EXERCISE OBJECTIVE
Output exactly, and only, the lines below from the one with "DOYO Guitar Hero" down to the one with "Комплект чохлів на". Include both end lines and no pictures.

RECORDS FOR PROCESSING

↓

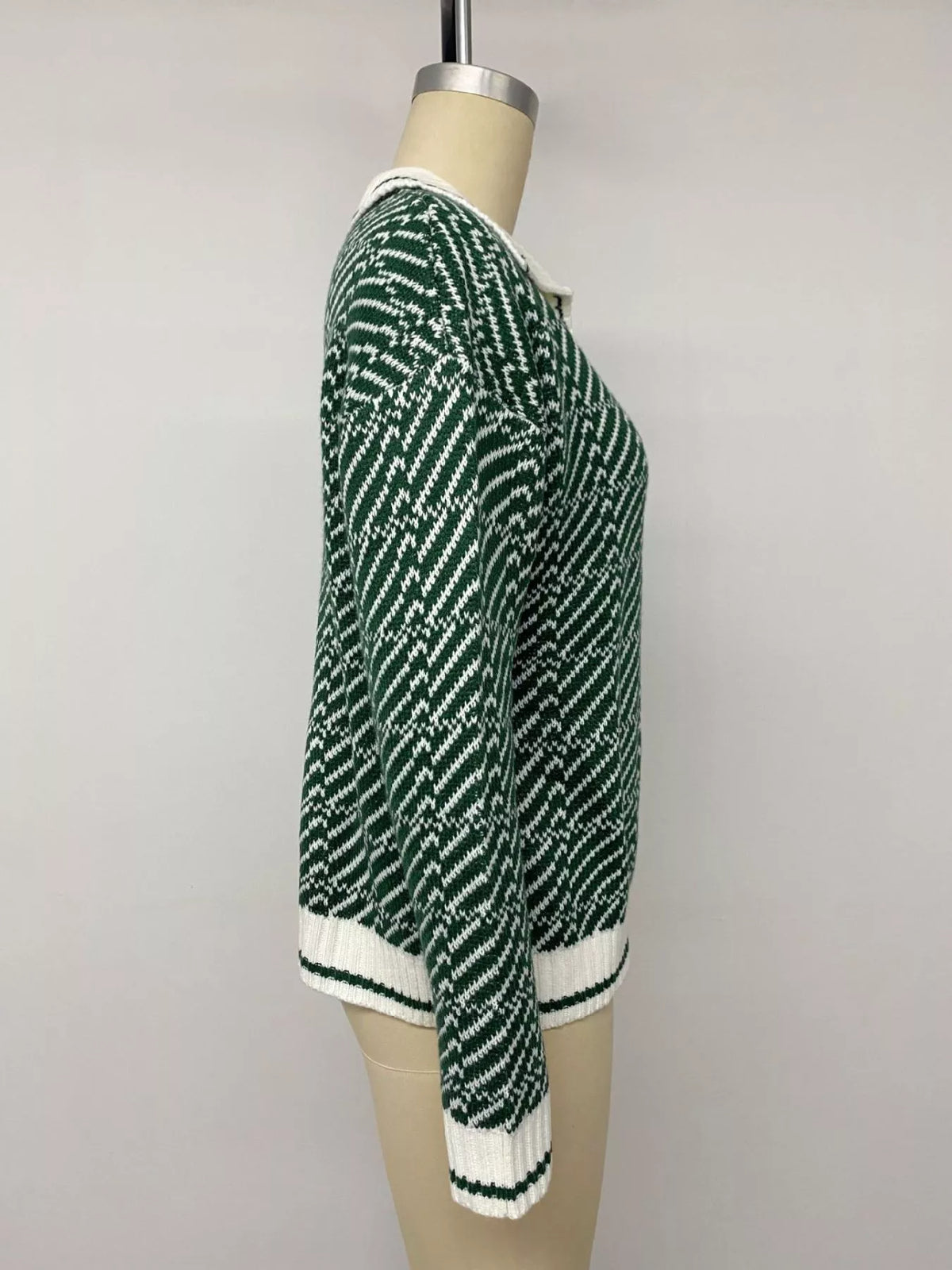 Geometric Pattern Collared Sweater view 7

↑
↓

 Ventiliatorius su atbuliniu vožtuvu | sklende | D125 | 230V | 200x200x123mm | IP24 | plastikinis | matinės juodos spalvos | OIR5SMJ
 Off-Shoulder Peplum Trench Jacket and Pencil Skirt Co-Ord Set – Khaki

↑
↓

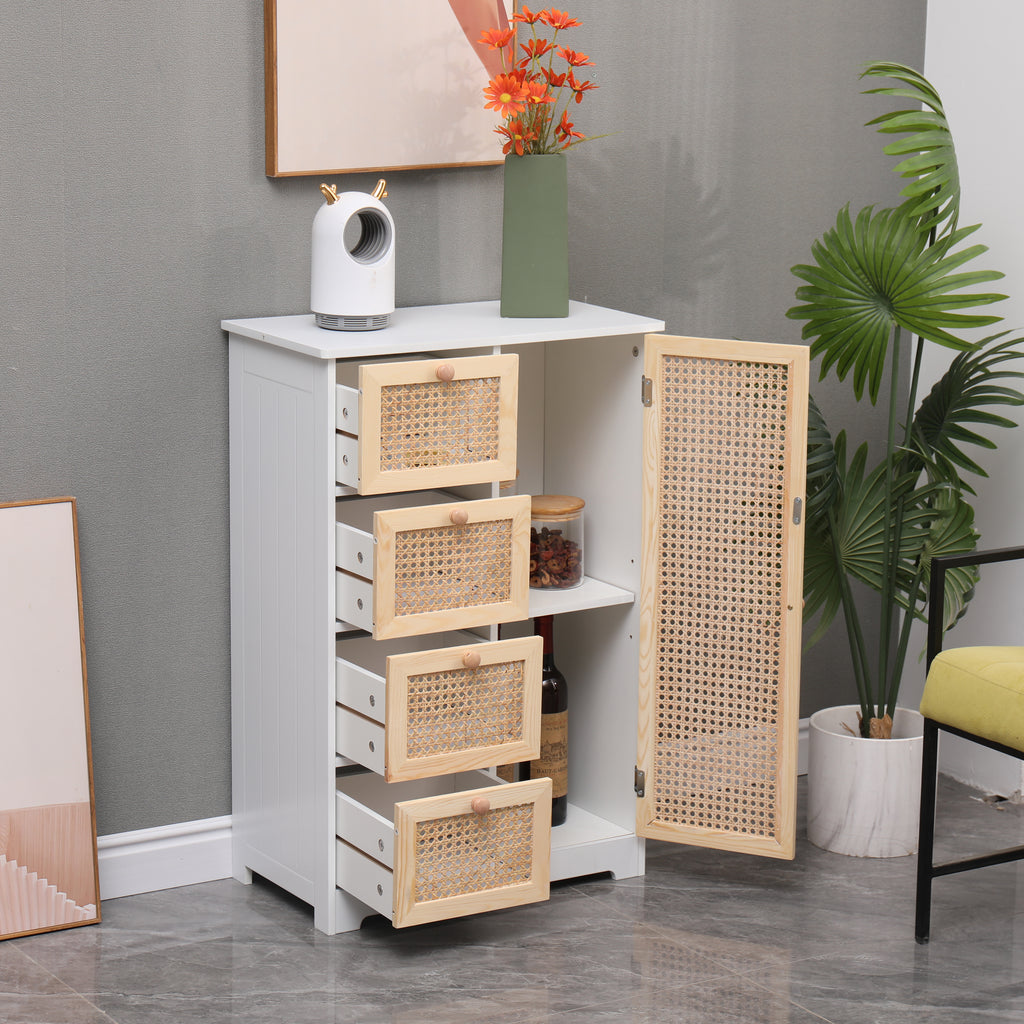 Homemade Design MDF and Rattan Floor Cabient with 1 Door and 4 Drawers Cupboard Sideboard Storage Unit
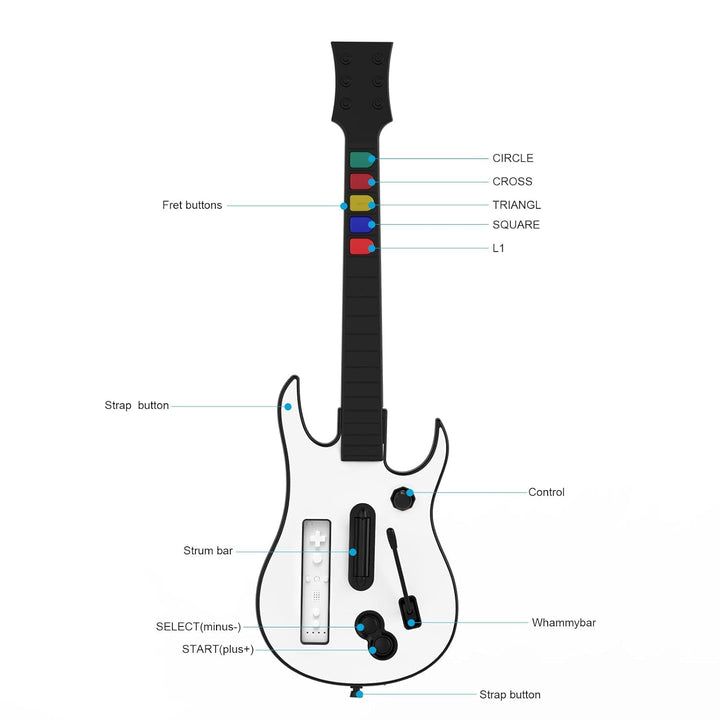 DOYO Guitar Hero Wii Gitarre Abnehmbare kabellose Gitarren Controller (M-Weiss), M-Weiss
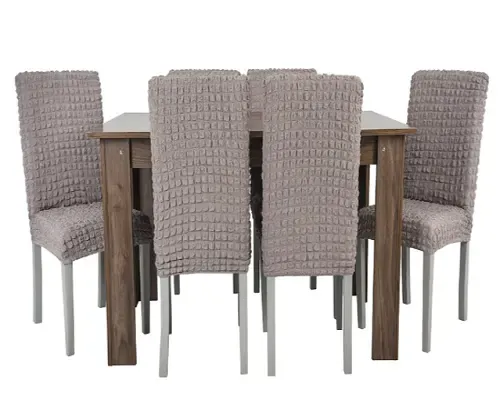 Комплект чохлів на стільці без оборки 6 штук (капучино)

↑

OUTPUT FOR THIS TASK
 DOYO Guitar Hero Wii Gitarre Abnehmbare kabellose Gitarren Controller (M-Weiss), M-Weiss
 Комплект чохлів на стільці без оборки 6 штук (капучино)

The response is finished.